■ **Problem to work on**
What is needed is a word-for-word copy of the lines below from the one with "KKJIAF 1 Pack" through the one with "Maschera antimosche per", both included, with every picture left out.

■ **The records**
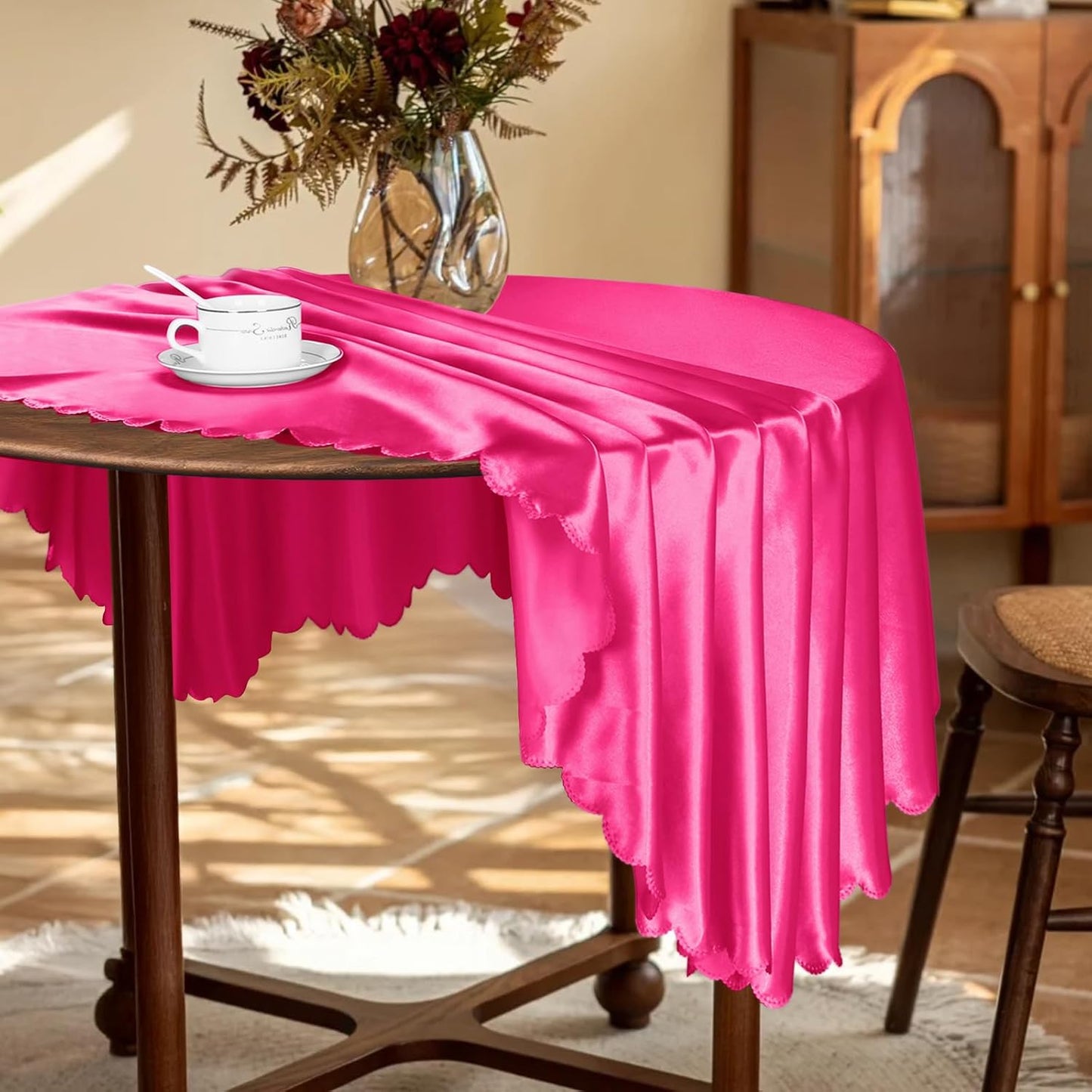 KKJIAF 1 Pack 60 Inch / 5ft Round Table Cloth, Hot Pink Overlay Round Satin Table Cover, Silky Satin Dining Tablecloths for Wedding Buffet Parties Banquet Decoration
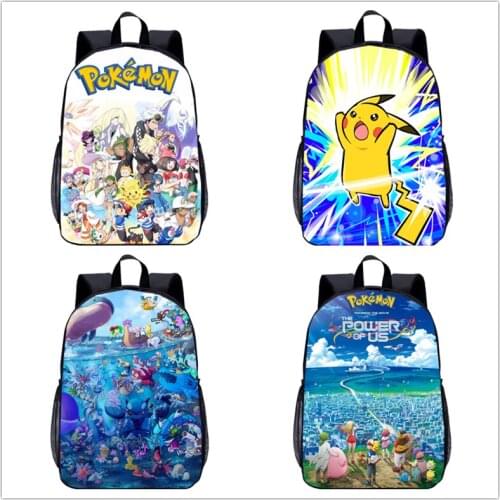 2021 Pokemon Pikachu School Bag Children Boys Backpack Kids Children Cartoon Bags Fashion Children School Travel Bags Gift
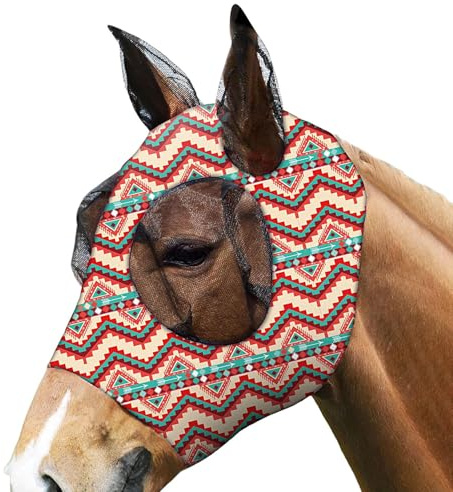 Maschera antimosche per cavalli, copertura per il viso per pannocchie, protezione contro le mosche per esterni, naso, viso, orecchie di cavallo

---

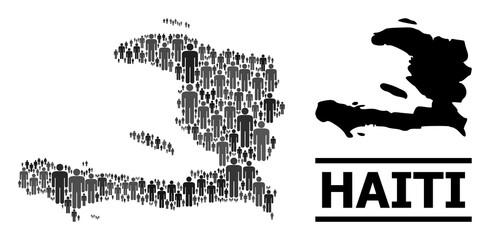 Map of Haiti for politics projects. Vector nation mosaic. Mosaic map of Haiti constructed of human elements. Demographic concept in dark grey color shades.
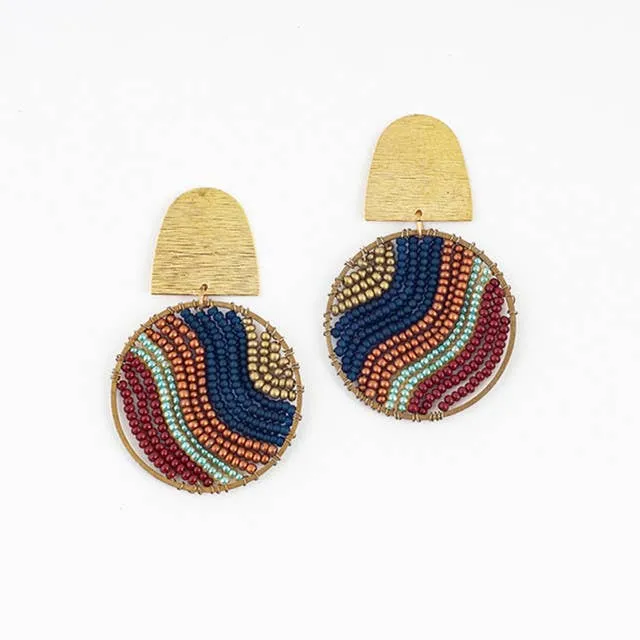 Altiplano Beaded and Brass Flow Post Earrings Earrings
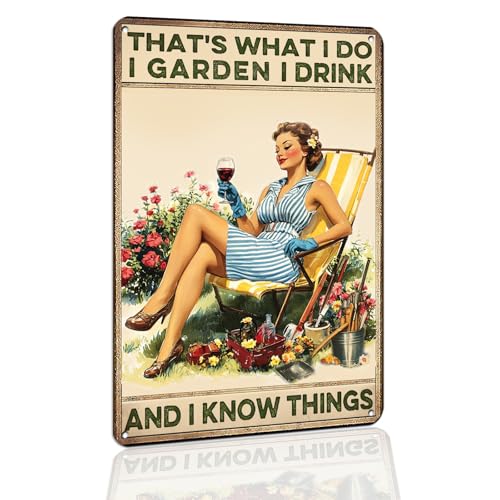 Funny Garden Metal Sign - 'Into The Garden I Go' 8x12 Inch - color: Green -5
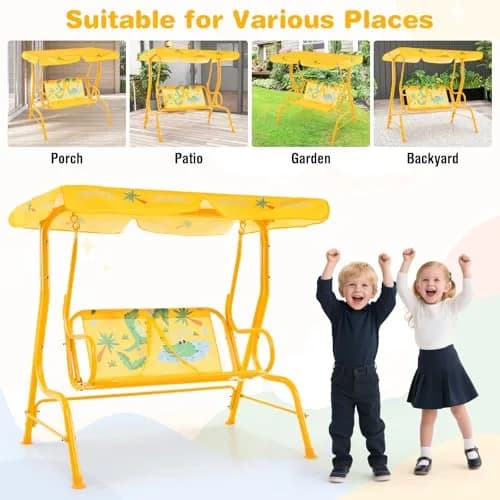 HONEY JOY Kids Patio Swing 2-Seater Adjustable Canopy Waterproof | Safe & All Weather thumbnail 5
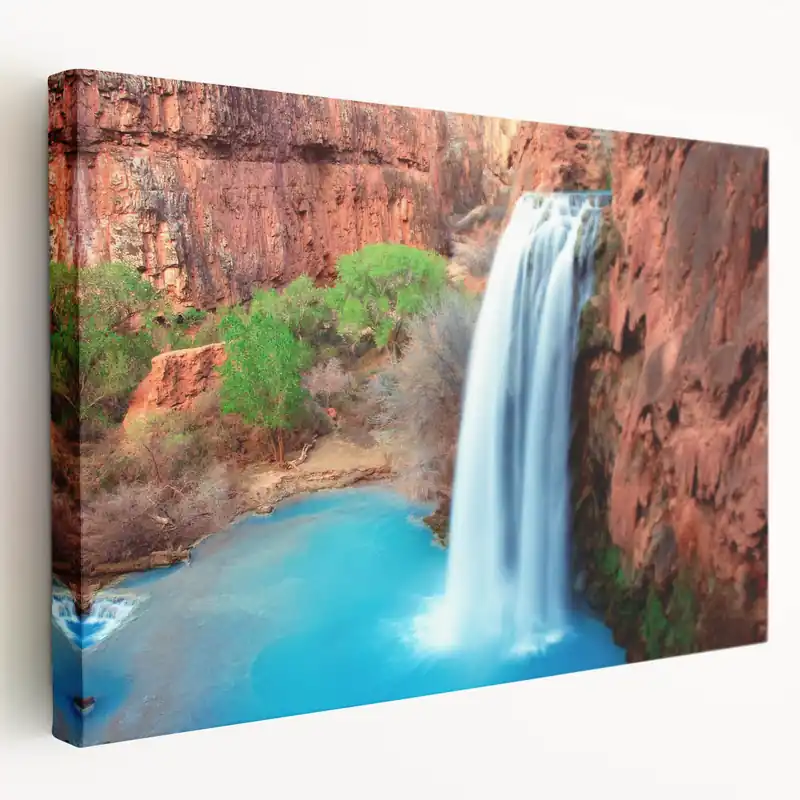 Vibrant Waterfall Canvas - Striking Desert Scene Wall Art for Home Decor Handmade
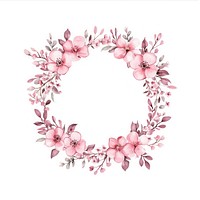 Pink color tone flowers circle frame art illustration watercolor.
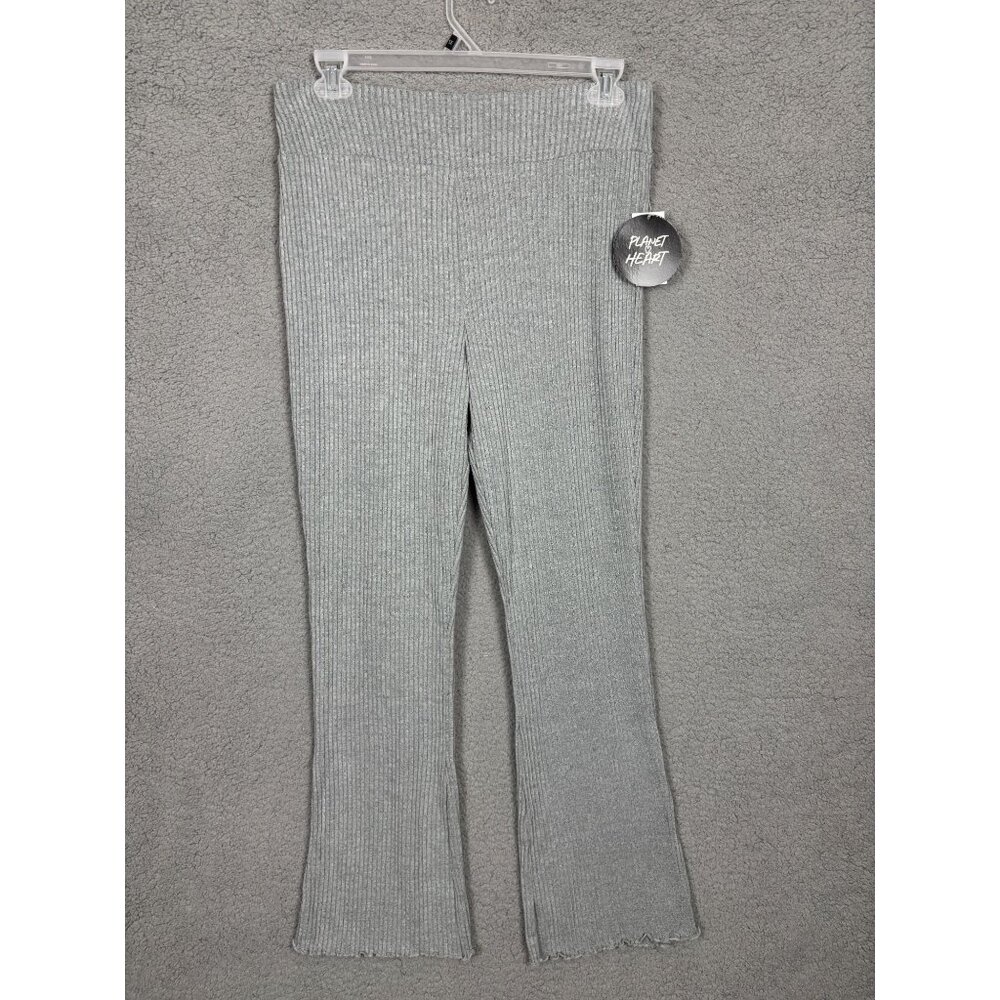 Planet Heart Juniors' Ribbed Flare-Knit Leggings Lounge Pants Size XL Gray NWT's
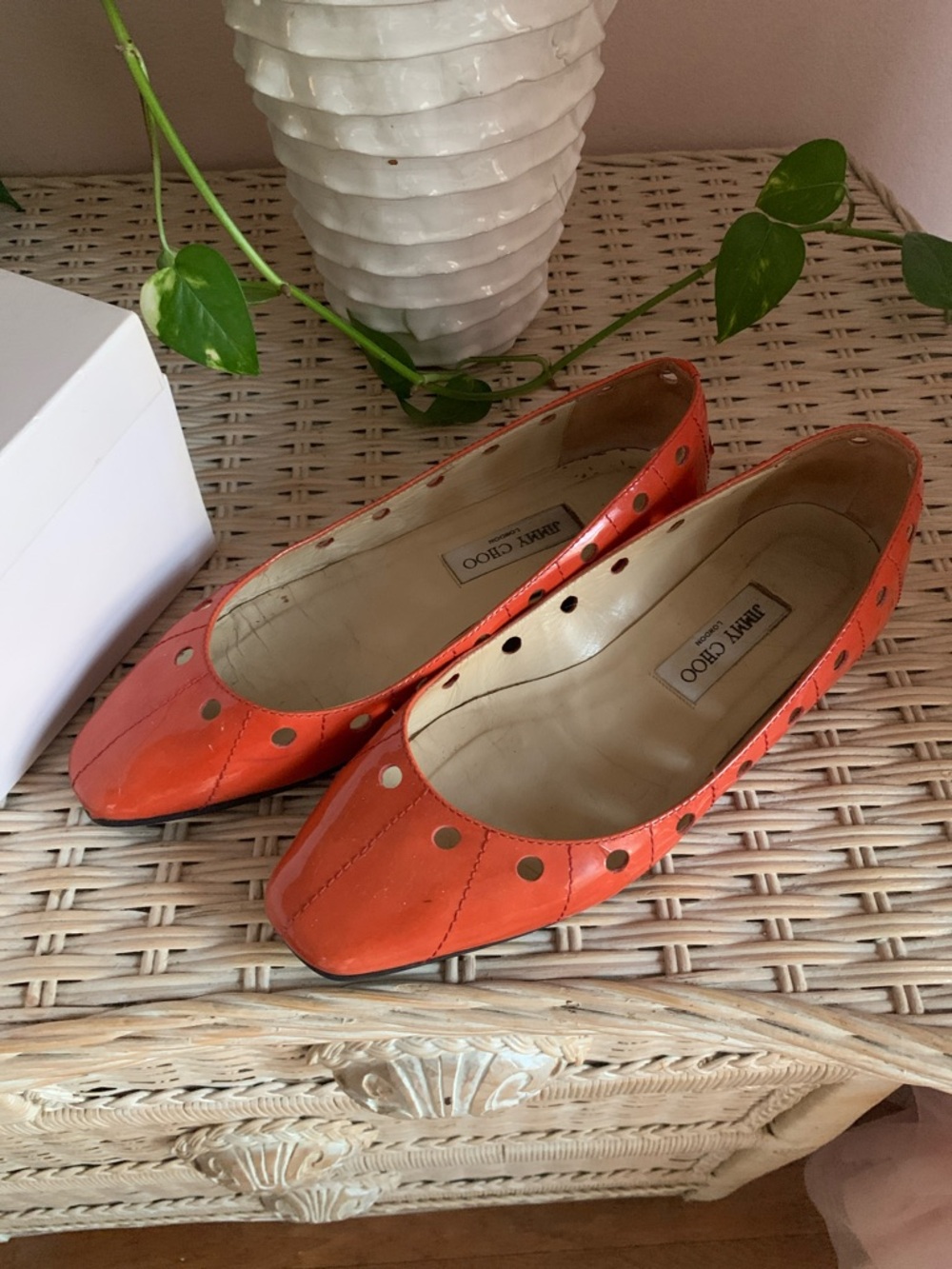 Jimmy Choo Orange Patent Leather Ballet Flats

■ **Answer to this exercise**
 KKJIAF 1 Pack 60 Inch / 5ft Round Table Cloth, Hot Pink Overlay Round Satin Table Cover, Silky Satin Dining Tablecloths for Wedding Buffet Parties Banquet Decoration
 2021 Pokemon Pikachu School Bag Children Boys Backpack Kids Children Cartoon Bags Fashion Children School Travel Bags Gift
 Maschera antimosche per cavalli, copertura per il viso per pannocchie, protezione contro le mosche per esterni, naso, viso, orecchie di cavallo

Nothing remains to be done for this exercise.